BOOK REVIEW: Living Well With Chronic Fatigue Syndrome and Fibromyalgia: What Your Doctor Doesn't Tell You . . . That You Need t
Posted Nov 03 2012 9:59am
3 Stars - A good introduction to the illness, but not useful for those who are already well versed
Living Well with Chronic Fatigue Syndrome and Fibromyalgia is a good basic introduction that covers a lot of ground without losing coherence. Written in an accessible style and well organized, Shomon's book is probably the best place to start if you haven't already done a lot of reading on the subject.
The strongest parts of this book are the chapters that explain the "nitty gritty" of CFS/ME: etiology, how the immune system works, and the origins of various symptoms. Shomon manages these complex topics competently, without devolving into excessive technical jargon.
Her discussion of causes covers all the "usual suspects" - bacterial infections (mycoplasma, chlamydia and tick-borne infections), viruses (HHV-6, Q fever, and stealth viruses), and candidiasis. But Shomon really shines when she discusses the effects of CFS/ME: immune system dysfunction (autoimmunity, low NK cell function and the Th1/Th2 shift), endocrine disorders (hypoadrenalism, hypothyroidism, and human growth hormone deficiency), central nervous system dysfunction, allergies and chemical sensitivities. These are the aspects of CFS/ME in which Shomon shows the greatest interest and expertise (undoubtedly due to the extensive research on all these areas).
There are weaknesses inherent in a broad survey of this type. The first is that Shomon, like Dr. Teitelbaum (who wrote the Forward) lumps CFS/ME and fibromyalgia together as CFS/Fibromyalgia. This is a mistake.
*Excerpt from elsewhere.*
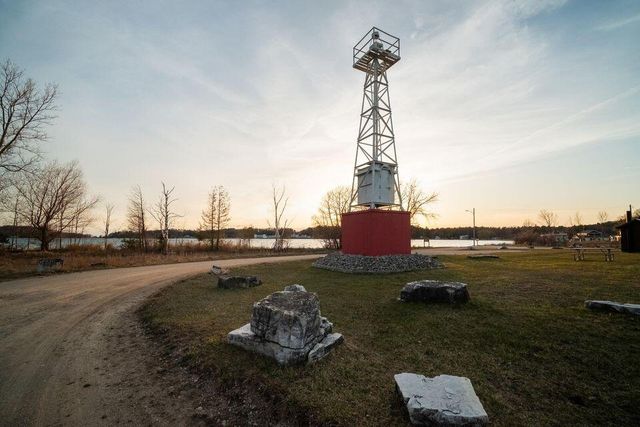 9155 Ivanhoe Drive, Onekama, MI 49675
Although there may be a great deal of overlap in symptoms, CFS/ME and fibromyalgia are not the same illness. (This distinction is borne out by research studies which show different results for the two groups.)
Many people with CFS/ME do not experience fibromyalgia pain. More significantly, people with fibromyalgia tend to improve after exercise while those with CFS/ME suffer a decline. (Exercise intolerance is the hallmark symptom of CFS/ME.) What's more, while I have met many people with CFS/ME who have fibromyalgia as a secondary diagnosis, I have yet to meet a single person with fibromyalgia who has CFS/ME as a secondary diagnosis. CFS/ME is clearly the heavyweight here.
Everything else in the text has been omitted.